**Requirement:** Starting at the line that contains "Image from @versusraceteam", transcribe each line exactly through the last line of the data. Include nothing else.

**Provided information:**
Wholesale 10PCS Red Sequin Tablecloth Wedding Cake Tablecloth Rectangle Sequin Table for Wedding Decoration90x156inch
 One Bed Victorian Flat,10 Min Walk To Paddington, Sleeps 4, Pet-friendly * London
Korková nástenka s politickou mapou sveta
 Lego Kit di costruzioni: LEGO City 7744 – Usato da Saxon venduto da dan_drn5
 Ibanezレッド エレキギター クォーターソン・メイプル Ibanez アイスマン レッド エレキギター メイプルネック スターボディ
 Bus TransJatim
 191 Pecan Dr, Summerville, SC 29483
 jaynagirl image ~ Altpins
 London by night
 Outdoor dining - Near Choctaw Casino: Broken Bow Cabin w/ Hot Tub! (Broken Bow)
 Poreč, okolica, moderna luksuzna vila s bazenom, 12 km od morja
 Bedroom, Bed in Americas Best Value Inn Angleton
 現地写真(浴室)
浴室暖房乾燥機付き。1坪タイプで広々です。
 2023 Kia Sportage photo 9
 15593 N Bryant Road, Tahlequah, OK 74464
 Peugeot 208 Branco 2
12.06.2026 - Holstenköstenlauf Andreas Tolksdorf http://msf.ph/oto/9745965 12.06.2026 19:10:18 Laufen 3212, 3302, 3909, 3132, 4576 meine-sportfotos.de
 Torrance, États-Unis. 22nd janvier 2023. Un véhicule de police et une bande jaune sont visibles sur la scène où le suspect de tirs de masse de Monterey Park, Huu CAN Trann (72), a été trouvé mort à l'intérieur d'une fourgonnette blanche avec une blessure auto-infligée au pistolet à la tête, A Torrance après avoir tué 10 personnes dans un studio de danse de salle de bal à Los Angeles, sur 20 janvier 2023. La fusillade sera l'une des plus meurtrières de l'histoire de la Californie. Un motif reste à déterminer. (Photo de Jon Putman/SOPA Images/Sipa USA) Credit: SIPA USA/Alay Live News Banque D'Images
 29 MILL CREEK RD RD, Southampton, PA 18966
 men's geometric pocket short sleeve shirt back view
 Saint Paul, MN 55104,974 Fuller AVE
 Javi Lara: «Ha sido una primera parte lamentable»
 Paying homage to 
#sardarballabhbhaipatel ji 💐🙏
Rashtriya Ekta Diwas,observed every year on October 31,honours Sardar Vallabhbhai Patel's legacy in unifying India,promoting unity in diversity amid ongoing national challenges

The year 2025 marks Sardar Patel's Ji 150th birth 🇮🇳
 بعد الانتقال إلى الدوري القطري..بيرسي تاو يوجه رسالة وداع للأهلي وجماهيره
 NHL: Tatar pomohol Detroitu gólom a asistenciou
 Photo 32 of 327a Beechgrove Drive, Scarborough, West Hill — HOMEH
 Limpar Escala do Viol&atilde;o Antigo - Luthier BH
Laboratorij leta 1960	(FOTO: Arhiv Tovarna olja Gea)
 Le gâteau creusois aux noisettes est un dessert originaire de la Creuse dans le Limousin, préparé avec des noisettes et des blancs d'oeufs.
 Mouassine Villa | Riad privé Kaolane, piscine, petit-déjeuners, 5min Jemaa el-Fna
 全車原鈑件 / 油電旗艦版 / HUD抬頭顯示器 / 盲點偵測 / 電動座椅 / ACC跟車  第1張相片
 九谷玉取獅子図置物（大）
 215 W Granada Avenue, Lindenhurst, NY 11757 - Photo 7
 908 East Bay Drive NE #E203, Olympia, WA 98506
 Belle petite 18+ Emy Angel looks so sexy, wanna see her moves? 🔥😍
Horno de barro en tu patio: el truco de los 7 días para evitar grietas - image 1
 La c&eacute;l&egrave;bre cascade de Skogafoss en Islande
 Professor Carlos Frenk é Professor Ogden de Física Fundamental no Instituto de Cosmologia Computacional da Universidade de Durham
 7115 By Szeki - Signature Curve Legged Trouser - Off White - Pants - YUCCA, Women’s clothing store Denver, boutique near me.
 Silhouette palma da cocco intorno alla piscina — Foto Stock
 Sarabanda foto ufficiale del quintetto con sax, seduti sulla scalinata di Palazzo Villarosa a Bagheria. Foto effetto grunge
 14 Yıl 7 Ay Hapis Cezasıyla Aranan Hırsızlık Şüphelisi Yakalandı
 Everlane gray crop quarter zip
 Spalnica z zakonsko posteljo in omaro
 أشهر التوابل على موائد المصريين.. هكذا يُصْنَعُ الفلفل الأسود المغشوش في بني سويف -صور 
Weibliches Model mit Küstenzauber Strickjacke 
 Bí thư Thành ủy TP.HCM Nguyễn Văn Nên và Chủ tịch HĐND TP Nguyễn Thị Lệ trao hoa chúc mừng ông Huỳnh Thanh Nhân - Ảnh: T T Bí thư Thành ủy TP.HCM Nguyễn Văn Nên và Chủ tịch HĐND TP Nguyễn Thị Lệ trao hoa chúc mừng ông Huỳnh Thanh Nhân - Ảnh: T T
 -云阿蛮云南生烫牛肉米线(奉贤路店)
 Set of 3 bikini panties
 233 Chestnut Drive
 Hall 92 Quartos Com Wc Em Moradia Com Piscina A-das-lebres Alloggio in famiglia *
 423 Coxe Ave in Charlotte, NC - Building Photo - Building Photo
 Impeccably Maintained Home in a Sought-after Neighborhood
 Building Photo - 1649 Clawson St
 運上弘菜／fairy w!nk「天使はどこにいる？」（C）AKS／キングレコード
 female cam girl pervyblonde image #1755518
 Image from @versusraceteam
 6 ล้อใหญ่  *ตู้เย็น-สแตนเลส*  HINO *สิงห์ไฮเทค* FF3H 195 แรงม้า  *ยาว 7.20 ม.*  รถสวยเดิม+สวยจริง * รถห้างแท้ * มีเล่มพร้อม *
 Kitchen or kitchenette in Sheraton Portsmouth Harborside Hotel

**Exercise output:**
 Image from @versusraceteam
 6 ล้อใหญ่  *ตู้เย็น-สแตนเลส*  HINO *สิงห์ไฮเทค* FF3H 195 แรงม้า  *ยาว 7.20 ม.*  รถสวยเดิม+สวยจริง * รถห้างแท้ * มีเล่มพร้อม *
 Kitchen or kitchenette in Sheraton Portsmouth Harborside Hotel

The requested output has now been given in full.